The history of mathematics is a favorite topic of mine and there are many fine books available that cover the topic broadly. It was a delight to savor this detailed study of “the” Central Limit Theorem alone as it arose and transformed in history. The scare quotes on the definite article are appropriate, as “central limit theorem” applies to a herd of statements on the convergence of probability distribution functions with increasing numbers of random variables. Author Hans Fischer ably guides the reader through the migrations of the CLT in its varied forms.

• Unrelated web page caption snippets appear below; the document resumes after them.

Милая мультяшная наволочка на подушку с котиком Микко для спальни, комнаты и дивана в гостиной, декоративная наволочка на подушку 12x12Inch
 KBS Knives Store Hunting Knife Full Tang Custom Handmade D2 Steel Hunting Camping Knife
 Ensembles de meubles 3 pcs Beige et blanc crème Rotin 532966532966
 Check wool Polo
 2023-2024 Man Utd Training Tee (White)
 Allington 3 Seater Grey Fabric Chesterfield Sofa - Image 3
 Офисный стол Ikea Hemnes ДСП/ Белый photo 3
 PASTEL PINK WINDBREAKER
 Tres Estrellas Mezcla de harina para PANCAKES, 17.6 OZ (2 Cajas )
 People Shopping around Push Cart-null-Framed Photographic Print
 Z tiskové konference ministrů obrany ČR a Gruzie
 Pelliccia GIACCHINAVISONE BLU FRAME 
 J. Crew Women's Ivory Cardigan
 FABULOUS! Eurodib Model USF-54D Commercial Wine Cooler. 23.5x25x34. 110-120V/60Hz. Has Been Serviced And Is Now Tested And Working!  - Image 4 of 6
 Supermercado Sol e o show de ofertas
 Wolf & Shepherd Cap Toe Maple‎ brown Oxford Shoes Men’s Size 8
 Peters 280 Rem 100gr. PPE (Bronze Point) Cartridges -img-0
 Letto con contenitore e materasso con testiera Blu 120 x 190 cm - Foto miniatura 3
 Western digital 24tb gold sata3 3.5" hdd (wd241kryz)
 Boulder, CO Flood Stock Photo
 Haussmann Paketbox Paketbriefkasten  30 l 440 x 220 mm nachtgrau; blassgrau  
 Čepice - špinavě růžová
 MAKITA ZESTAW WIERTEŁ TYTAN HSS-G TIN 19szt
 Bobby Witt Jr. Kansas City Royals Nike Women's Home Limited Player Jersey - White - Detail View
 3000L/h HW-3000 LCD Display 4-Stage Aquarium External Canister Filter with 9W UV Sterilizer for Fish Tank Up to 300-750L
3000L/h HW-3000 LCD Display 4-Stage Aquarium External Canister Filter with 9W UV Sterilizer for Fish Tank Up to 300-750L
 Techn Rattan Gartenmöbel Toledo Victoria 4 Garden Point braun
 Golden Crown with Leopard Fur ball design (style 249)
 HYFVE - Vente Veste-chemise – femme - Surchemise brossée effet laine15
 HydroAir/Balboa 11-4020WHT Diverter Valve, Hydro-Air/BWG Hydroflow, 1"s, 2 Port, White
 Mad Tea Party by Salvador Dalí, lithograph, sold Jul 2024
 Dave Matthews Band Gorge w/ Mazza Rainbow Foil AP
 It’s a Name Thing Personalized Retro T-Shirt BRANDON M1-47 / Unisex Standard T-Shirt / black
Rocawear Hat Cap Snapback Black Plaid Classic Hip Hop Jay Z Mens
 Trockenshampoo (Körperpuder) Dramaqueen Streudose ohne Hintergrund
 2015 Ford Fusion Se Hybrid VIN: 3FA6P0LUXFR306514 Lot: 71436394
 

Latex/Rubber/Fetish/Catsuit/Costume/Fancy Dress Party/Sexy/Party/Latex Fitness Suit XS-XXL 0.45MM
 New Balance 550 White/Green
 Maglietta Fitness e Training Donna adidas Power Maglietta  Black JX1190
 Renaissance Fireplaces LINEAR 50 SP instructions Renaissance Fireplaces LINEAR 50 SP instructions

This work details the history of the central limit theorem and related probabilistic limit theorems roughly from 1810 through 1950, but focuses on 1810 to 1935. The story begins with the initial insights of Laplace, built upon by Poisson and Cauchy. The first two chapters of this earliest part of the telling are available on the author’s web site. The growth in definition and application of the CLT from this beginning comes from contributions of Chebyshev, Markov, von Mises, Pólya, Lindeberg, Lévy, Cramer, and others covered here. The theorems of Lévy and Feller in 1935 become a denouement, of sorts, to a historical tale not lacking in dramatic development. Along the way, Fischer examines questions of priority, motivation, rigor, and impact.
In teasing out the threads of an evolving CLT and the tools used to prove it, such as characteristic functions and moments, the author shines light on such broader topics as the shift from classical to mathematical probability during the Cauchy and Bienyamé era. Fischer goes into such detail as the unpublished lecture notes and drafts of Dirichlet to explore his specific approach to building on the work of Laplace.
Hans Fischer co-supervises the teaching of mathematics at Germany’s Catholic University Eichstätt-Ingolstadt and authors many papers on the history of mathematics. His skill in both these areas allows him to reveal here the historical development of this important theorem in a way that can easy be adapted to the lecture hall or used in independent study.
Tom Schulte helps actualize the powers of the Central Limit Theorem through designing Statistical Process Control (SPC) software for manufacturers at Plex Systems in Michigan.